- _What you are asked to do_:
Beginning with the line where "Ceinture en toile" appears, please restate each line of the records below word for word until the last one, inclusive, and nothing else.
"""
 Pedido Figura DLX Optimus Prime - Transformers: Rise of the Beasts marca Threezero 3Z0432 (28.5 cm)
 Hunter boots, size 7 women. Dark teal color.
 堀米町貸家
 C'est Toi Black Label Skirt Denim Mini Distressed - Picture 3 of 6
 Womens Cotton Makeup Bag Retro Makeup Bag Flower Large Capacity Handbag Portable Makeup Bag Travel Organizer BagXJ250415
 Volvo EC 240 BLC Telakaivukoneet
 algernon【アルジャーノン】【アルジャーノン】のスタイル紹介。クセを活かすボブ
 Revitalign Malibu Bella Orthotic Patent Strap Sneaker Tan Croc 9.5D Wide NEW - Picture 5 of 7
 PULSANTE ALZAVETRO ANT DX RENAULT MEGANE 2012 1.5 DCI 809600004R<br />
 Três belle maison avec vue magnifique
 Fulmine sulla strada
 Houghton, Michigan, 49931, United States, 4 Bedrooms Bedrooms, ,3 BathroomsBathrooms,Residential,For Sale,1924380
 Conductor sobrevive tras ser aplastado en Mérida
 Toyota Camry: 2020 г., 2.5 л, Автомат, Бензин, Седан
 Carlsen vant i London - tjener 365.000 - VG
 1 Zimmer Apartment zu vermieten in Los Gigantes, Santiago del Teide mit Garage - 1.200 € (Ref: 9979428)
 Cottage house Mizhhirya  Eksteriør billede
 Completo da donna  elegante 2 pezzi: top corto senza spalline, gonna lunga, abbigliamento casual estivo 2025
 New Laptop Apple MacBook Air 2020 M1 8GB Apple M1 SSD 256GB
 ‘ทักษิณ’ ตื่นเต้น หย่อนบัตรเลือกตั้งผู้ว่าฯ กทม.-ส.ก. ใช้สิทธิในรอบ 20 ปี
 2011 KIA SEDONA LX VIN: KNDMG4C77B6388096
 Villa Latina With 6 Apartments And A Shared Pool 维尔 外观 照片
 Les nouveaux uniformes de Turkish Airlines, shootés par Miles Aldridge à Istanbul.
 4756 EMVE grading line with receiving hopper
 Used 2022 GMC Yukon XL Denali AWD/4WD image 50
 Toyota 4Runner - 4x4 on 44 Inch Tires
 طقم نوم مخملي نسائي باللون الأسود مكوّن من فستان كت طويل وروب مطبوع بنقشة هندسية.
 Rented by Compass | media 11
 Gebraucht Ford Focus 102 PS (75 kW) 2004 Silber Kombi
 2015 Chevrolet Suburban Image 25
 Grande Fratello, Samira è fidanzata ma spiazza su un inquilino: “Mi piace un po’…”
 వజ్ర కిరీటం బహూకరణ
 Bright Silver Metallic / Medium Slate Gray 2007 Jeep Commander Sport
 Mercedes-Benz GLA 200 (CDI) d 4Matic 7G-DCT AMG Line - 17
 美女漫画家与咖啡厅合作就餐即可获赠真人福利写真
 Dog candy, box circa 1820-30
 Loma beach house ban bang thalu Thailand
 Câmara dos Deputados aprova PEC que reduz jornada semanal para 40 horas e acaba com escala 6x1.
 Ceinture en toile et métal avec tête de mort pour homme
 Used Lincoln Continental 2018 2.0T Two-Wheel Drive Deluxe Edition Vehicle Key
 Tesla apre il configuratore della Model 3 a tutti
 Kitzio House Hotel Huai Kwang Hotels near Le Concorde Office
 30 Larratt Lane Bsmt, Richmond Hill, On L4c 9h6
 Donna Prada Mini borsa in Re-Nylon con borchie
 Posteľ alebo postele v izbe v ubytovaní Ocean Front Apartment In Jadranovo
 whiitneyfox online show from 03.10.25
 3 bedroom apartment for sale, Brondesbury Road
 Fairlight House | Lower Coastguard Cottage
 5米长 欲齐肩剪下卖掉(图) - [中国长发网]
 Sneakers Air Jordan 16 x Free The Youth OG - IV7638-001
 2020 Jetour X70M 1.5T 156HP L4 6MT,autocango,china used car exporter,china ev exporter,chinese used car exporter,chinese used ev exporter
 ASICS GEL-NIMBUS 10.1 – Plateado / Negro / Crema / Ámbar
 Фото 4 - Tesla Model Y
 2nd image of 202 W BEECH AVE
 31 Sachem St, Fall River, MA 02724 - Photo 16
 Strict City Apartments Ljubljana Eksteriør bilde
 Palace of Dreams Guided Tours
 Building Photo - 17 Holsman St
"""
- _Written response_:
 Ceinture en toile et métal avec tête de mort pour homme
 Used Lincoln Continental 2018 2.0T Two-Wheel Drive Deluxe Edition Vehicle Key
 Tesla apre il configuratore della Model 3 a tutti
 Kitzio House Hotel Huai Kwang Hotels near Le Concorde Office
 30 Larratt Lane Bsmt, Richmond Hill, On L4c 9h6
 Donna Prada Mini borsa in Re-Nylon con borchie
 Posteľ alebo postele v izbe v ubytovaní Ocean Front Apartment In Jadranovo
 whiitneyfox online show from 03.10.25
 3 bedroom apartment for sale, Brondesbury Road
 Fairlight House | Lower Coastguard Cottage
 5米长 欲齐肩剪下卖掉(图) - [中国长发网]
 Sneakers Air Jordan 16 x Free The Youth OG - IV7638-001
 2020 Jetour X70M 1.5T 156HP L4 6MT,autocango,china used car exporter,china ev exporter,chinese used car exporter,chinese used ev exporter
 ASICS GEL-NIMBUS 10.1 – Plateado / Negro / Crema / Ámbar
 Фото 4 - Tesla Model Y
 2nd image of 202 W BEECH AVE
 31 Sachem St, Fall River, MA 02724 - Photo 16
 Strict City Apartments Ljubljana Eksteriør bilde
 Palace of Dreams Guided Tours
 Building Photo - 17 Holsman St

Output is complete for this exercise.